Contents:

eNON-txt

The eNON-txt format is a text-based representation of e-NON data.

Overview

A binary format is not useful in all situations:

The eNON-txt format provides an alternative means of representing e-NON data in these situations.

Because an e-NON stream processor can read and write either binary or text formats, the same processor can be used for all streams. While other text-based formats could be used, i.e. XML, JSON, the eNON-txt format supports all of the features of eNON. This allows text and binary streams to be used interchangeably.

Nomenclature

Format Name

The name eNON-txt will be used in narrative content. The name e-NON-txt is also acceptable.

File Extension

The file extension .enont may be used when storing eNON-txt data in a file system.

Format Definition

Newlines are significant in eNON-txt files. The newline character, ‘\n’, 0x0A, is the termiating symbol for all data elements.

Prolog

An eNON-txt file must start with the string #enon-txt on a line by itself. Any number of blank lines may appear before the prolog.

Data Elements

Following the prolog any number of data elements can appear.

Data Element Rules

Element Table

element prefix prefix (hex) description
null ‘null’   Null is specified by the string ‘null’.
false ‘false’   The boolean value false is specified by the string ‘false’.
true ‘true’   The boolean value true is specified by the string ‘null’.
∞, positive ’+’ 0x2B Positive Infinity is specified by the plus character ‘+’.
∞, negative ’-‘ 0x2D Negative Infinity is specified by the minus character ‘-‘.
NaN ‘nan’   The special value not a number is specified by the string ‘nan’.
number ‘n’ 0x6E The generic number element has a prefix ‘n’ follwed by a base-10 numeric string value.
byte ‘b’ 0x62 Similar to number, but the value must be valid signed 8-bit byte value.
short ’s’ 0x73 Similar to number, but the value must be valid signed 16-bit short value.
int ‘i’ 0x69 Similar to number, but the value must be valid signed 32-bit int value.
long ‘l’ 0x6C Similar to number, but the value must be valid signed 64-bit long value.
float ‘f’ 0x66 Similar to number, but the value must be valid signed 32-bit float value.
double ‘d’ 0x64 Similar to number, but the value must be valid signed 64-bit double value.
string 0x22 A string is prefixed by a double-quote follwed by a UTF-8 string.
unicode string U” 0x55,0x22 A string containing unicode characters in hex notation, see below.
temporal t 0x74 A temporal value is a string that identifies various time-based values.
BLOB (byte[]) ‘B’ 0x42 Binary data is prefixed by a capital ‘B’ followed by a Base64 binary string. Alternatively, binary data can be referenced from an external file, see below.
hard continuation ‘&’ 0x26 A new line may be inserted into a string by using a hard continuation, see below.
soft continuation ’\’ 0x5C A long string or BLOB can be split onto multiple lines by using a soft continuation, see below.
list ’[’ 0x5B A list is started with an opening square brace.
end list ’]’ 0x5D A list is terminated by the closing square brace.
map ’{‘ 0x7B A map is started with an opening curly brace.
end map ’}’ 0x7D A map is terminated by the closing curly brace.

 

Null, False, True

These appear as just the strings null, false, true respectively. Nothing else appears on the line.
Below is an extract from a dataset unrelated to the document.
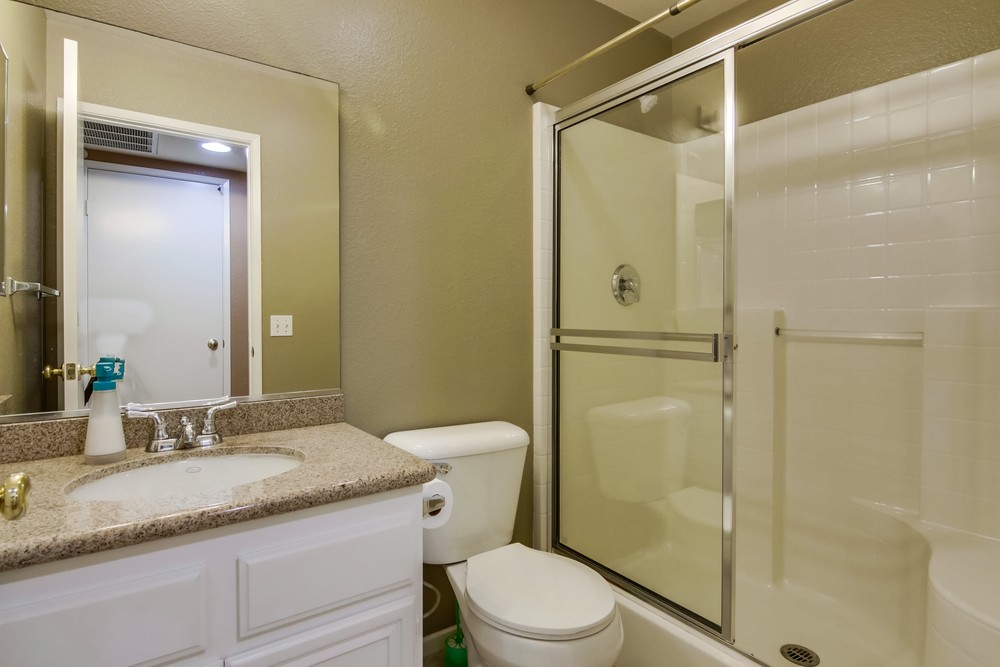 Virtual tour photo 22 of 41 for 1522 Hawken Dr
Negative/Positive Infinity

These appear as just the symbols - and + (minus 0x2D and plus 0x2B) respectively for negative and positive infinity. Nothing else appears on the line.

NaN

This appears as just the string nan. Nothing else appears on the line.

Byte, Short, Int, Long, Float, Double, Number

Numeric values appear as base-10 number strings without quotes. Numbers can be specified in exponential notation, see the examples below.

If the generic number prefix, ‘n’, is used, then the number can be of any size and precision.

Alternatively, if a specific numeric scale is specified, ‘b’, ‘s’, ‘i’, ‘l’, ‘f’, or ‘d’, then the number provided must be within the range and precision of the specified type.

White space can appear between the prefix and the number value.

The e-NON nano-int type can’t be specified directly. The eNON-txt processor may produce a nano-int internally if the prefix is ‘b’, and the value is within the nano-int range, (-63..64).

Examples:

These examples show a space after the prefix, but it is also legal to put the value immediately after the prefix: e.g. d123.45

Examples:

String

The string is introduced by the double-quote character: " (0x22). Everything immediately after the prefix is considered to be part of the string, up to, but not including the newline.

Multi-line strings

A string may be continued on the next line by using a continuation prefix. There are 2 continuation prefixes for strings:

Any number of continuation lines may appear. Continuation lines have to be consecutive: continuation ends at the first line that is not a continuation. A blank line terminates continuation.

As with other prefixes, all white space preceding the ", & and \ is ignored. This allows text to be indented along with other elements, even when continuations are included.

Unicode String

If the Unicode prefix is used, U" then the string data will be pre-processed for Unicode characters. Strings matching the pattern \u(X)+; will be replaced with a unicode character. The (X)+ represents a case-insensitive hexadecimal value. There must be at least 1 hex digit after the \u prefix, immediately follwed by a semicolon. Leading zeros in the hex value are not necessary.

This feature is provided for hand-written eNON-txt files, using editors that can’t insert Unicode values directly. The writer code doesn’t scan strings for the \u(X); pattern, and it won’t use the U" prefix in the output.

Carriage Return

Some line readers (i.e. BufferedReader in Java) don’t discriminate between CR (\r) and newline (\n) when terminating lines. The “official” line terminator for eNON-txt is the newline character, 0x0A. This may cause a CR character to be replaced by a newline during processing.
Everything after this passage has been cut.